Le quotidien des affaires Handelsblatt s’est demandé si le patron de la Bundesbank était « la voix de la raison » ou un « opportuniste » qui n’a « pas de solution alternative à offrir ». Sa voix ne pèse en effet pas plus lourd qu’une autre au sein du conseil des gouverneurs, l’organe de décision de la BCE. Il réunit les gouverneurs nationaux et le directoire, l’exécutif permanent de la banque, composé de six membres.
L’ancien économiste en chef de la BCE, l’Allemand Jürgen Stark, a fustigé « les mesures sentant la panique » de l’institution de Francfort, tandis qu’un responsable du parti conservateur bavarois CSU, en perte de vitesse politiquement, a assimilé M. Draghi à « un faux-monnayeur ».
La chancelière conservatrice Angela Merkel a été plus mesurée, déclarant dimanche qu’elle trouvait « bien que Jens Weidmann rappelle sans cesse ce qu’est la politique » de l’Allemagne. Sauf que cela n’est pas si simple. L’Allemagne est en effet représentée à la BCE par M. Weidmann, mais aussi par Jörg Asmussen, membre du directoire. Or, ce dernier se distingue par une ligne plus proche de celle de M. Draghi, déclarant que la BCE agit « dans le cadre de son mandat » et qu’il ne voit « aucun danger pour les épargnants allemands ».
« Le jeu joué par Asmussen et Weidmann fonctionne bien, d’un côté le pragmatique, de l’autre celui qui rassure la population allemande.

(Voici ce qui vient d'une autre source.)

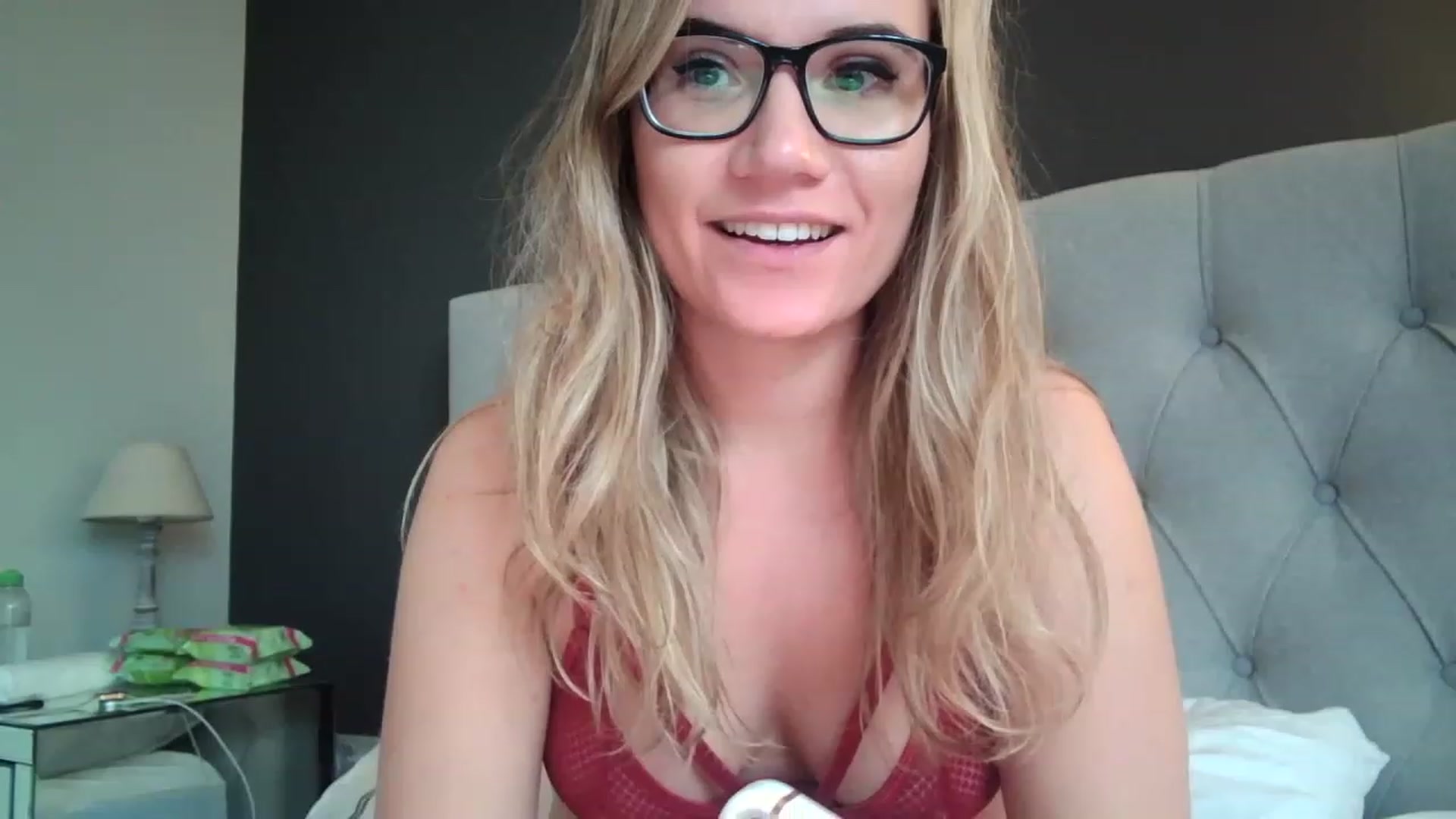 Gallery image thumbnail from JennyWillson's myfreecams stream on, 02/01/2023, 14:41 image 8 of 20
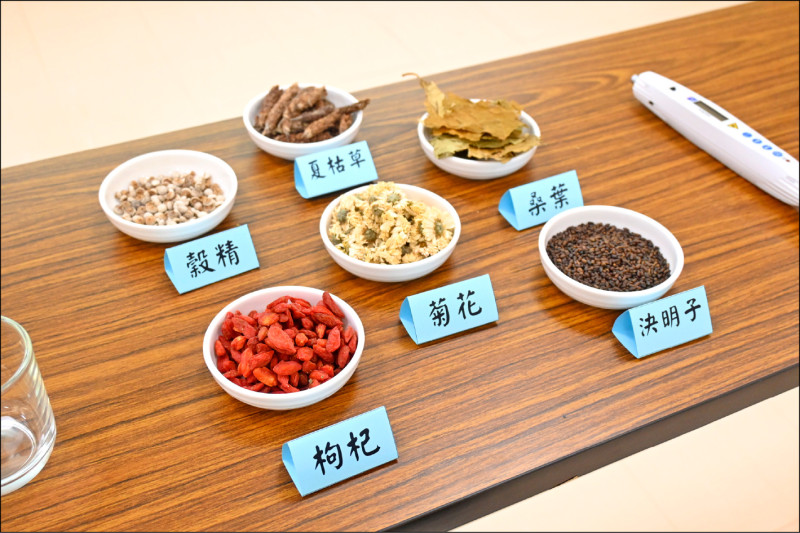 ▲中醫強調「藥食同源」,中醫師朱世盟建議透過枸杞、菊花、決明子等食療茶飲,從日常生活中調理體質、養護視力。(安南醫院提供) ▲中醫強調「藥食同源」,中醫師朱世盟建議透過枸杞、菊花、決明子等食療茶飲,從日常生活中調理體質、養護視力。(安南醫院提供)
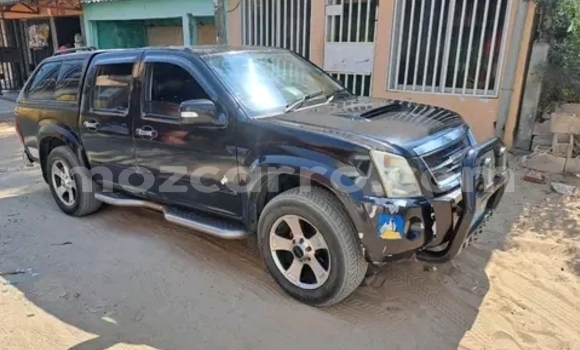 Nunua Ilio tumika Isuzu KB Nyeusi Gari ndani ya Maputo nchini Maputo Nunua Ilio tumika Isuzu KB Nyeusi Gari ndani ya Maputo nchini Maputo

Au bout du compte cela fait les affaires d’Angela Merkel, qui est elle-même une pragmatique », assure Ansgar Belke, professeur d’économie à l’université de Duisburg-Essen.
L’opposition entre les deux hommes a un aspect presque cocasse. En 2009, alors que Mme Merkel dirigeait déjà un gouvernement de coalition, la riposte de l’Allemagne face à la crise économique avait en effet été élaborée en grande partie par un tandem de l’ombre : le secrétaire d’État aux finances social-démocrate d’alors, Jörg Asmussen, et le conseiller de la chancelière de l’époque, Jens Weidmann.
M. Belke rappelle par ailleurs que contrairement à ses prédécesseurs, Mario Draghi a choisi de révéler publiquement les rapports de force au sein de l’institution et notamment l’opposition de la Bundesbank aux rachats d’obligations, « ce qui renationalise le débat ».